Aproveché además para ver todos los materiales extras que ocupaban el cuarto DVD de la caja. Repasando el proceso que llevó a la creación de Indiana Jones, desde la noción general -un aventurero que protagonizase peripecias non stop al estilo de los viejos seriales- hasta los detalles (el nombre Indiana con que George Lucas homenajeó a su perro, el sombrero, el látigo, la gastada chaqueta de cuero), me puse a pensar en que, más allá de las magníficas escenas de acción, la saga de Indiana Jones funciona tan bien -funcionaba, al menos, en las primeras tres películas- porque lo que nunca deja de rendir a las mil maravillas es el personaje: un científico que juega a ser un héroe, y que trata de creérsela todo el tiempo hasta que la realidad le demuestra que es un poquito menos listo, menos valiente y menos eficiente de lo que creía.
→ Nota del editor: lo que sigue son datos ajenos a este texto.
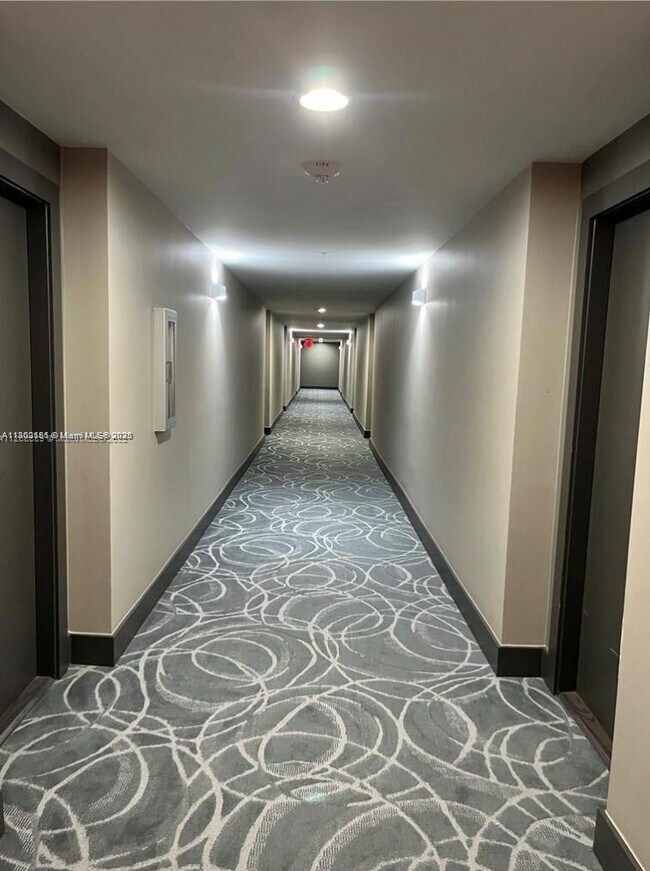 Foto del edificio - 770 Claughton Island Dr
Cuanto más falible, Indiana Jones resulta más encantador. Y como la personalidad y la iconografía se complementan tan bien, no es de extrañar que el personaje se haya convertido en una marca que excede el continente de sus films.
Supongo que muchos escritores y cineastas soñarán con otras cosas, pero mi sueño más grande en tanto imaginador profesional pasa por la creación de un personaje que, al estilo de lo que lograron Lucas y Steven Spielberg, adquiera vida propia. Creo que en algún sentido es más fácil escribir un libro genial o una película inolvidable -de tantos disparos que uno tira, siempre existe la posibilidad de acertar-, que crear uno de esos personajes que caminan con verdadera vida propia, al punto de eclipsar a sus autores. Más gente sabe del Quijote que de Cervantes, de Frankenstein que de Mary Shelley, de Batman que de Bob Kane, del Corto Maltés que de Hugo Pratt. Supongo que se trata de la más grande tentación demiúrgica para un artista con vocación popular: concebir un personaje que deje de ser de uno, en la medida en que la gente lo adopte como propio.